EXERCISE OBJECTIVE
Reproduce the records below exactly as they appear, omitting any pictures they contain.

- - - -

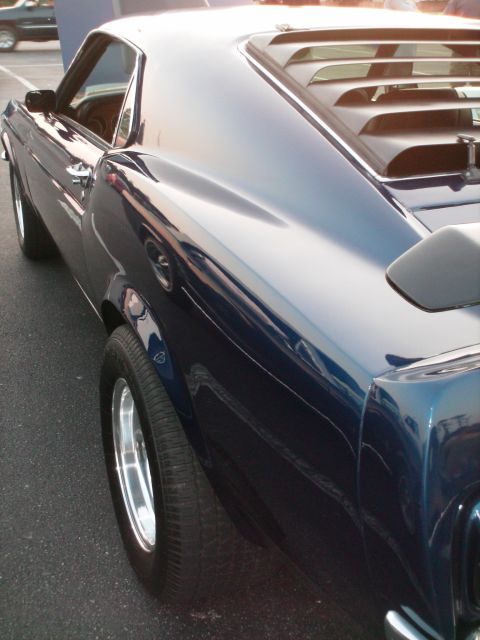 1970 Ford Mustang - Classic car side profile with hood up. Appears to be a 1969 model.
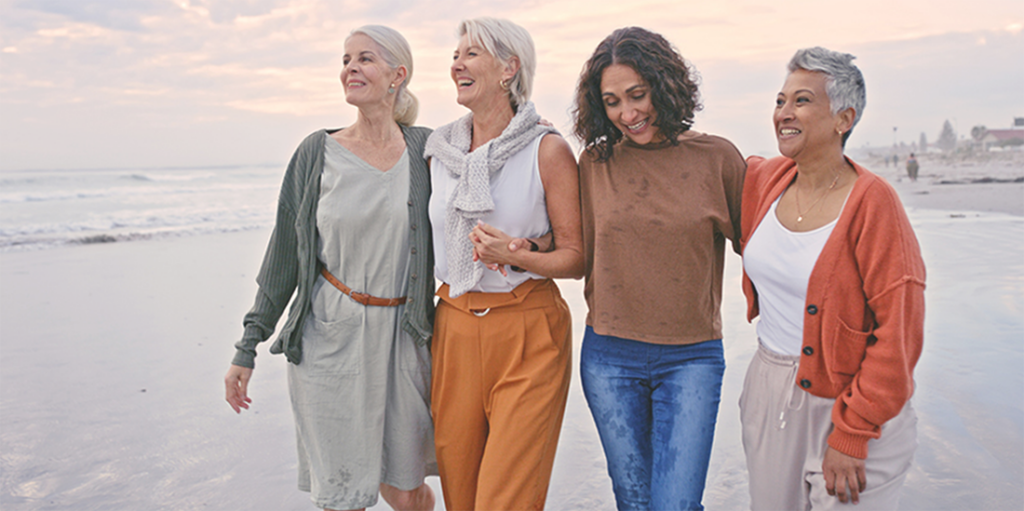 Clinical Trials Norfolk VA | Four women walk along the beach, laughing and smiling.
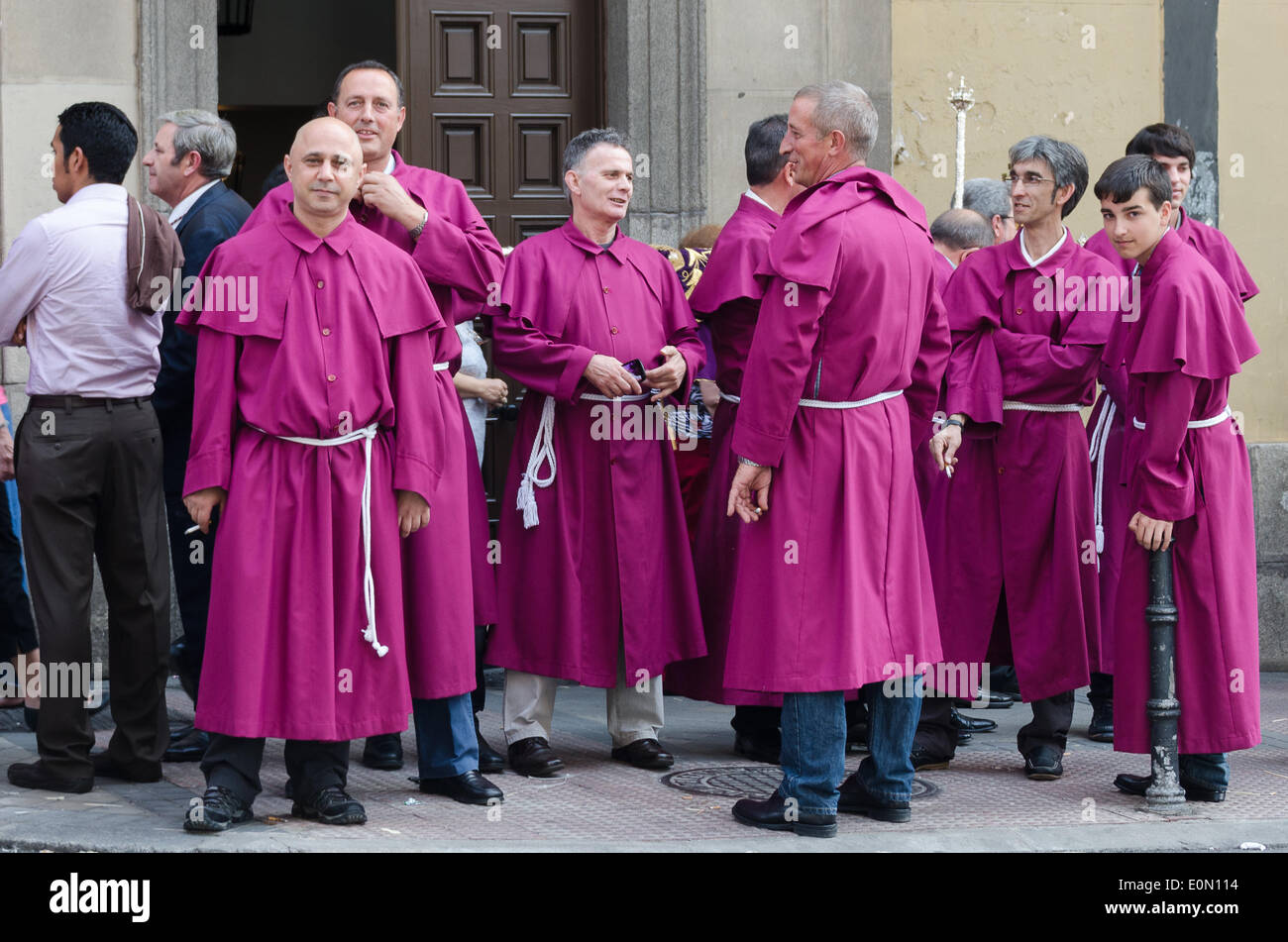 Madrid, Spain. 15th May, 2014. Fiesta de San Isidro, Madrid Credit:  Jennifer Booher/Alamy Live News. Acolytes gathering before the procession, Fiesta de San Isidro, Madrid. These men carry the statues of San Isidro and Santa Maria. Stock Photo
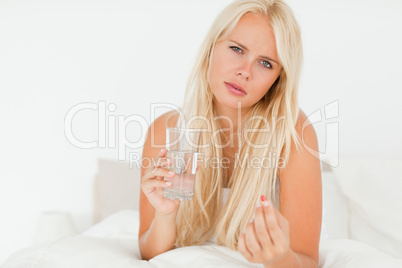 Blonde woman taking a pill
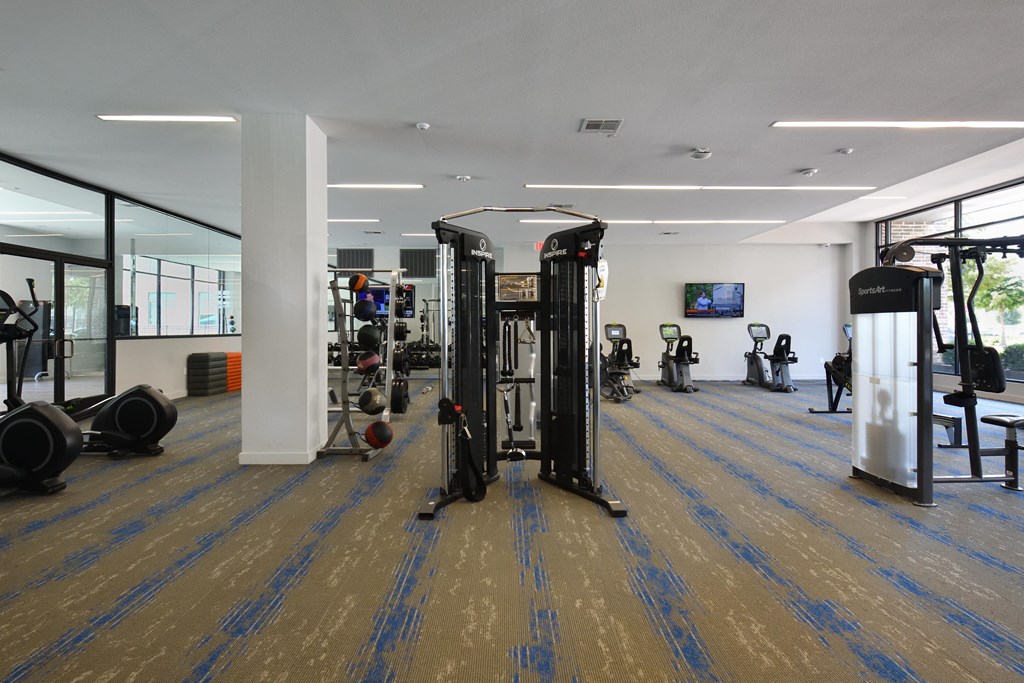 A gym with a variety of equipment including treadmills, weights, and exercise machines.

- - - -

YOUR SOLUTION
 1970 Ford Mustang - Classic car side profile with hood up. Appears to be a 1969 model.
 Clinical Trials Norfolk VA | Four women walk along the beach, laughing and smiling.
 Madrid, Spain. 15th May, 2014. Fiesta de San Isidro, Madrid Credit:  Jennifer Booher/Alamy Live News. Acolytes gathering before the procession, Fiesta de San Isidro, Madrid. These men carry the statues of San Isidro and Santa Maria. Stock Photo
 Blonde woman taking a pill
 A gym with a variety of equipment including treadmills, weights, and exercise machines.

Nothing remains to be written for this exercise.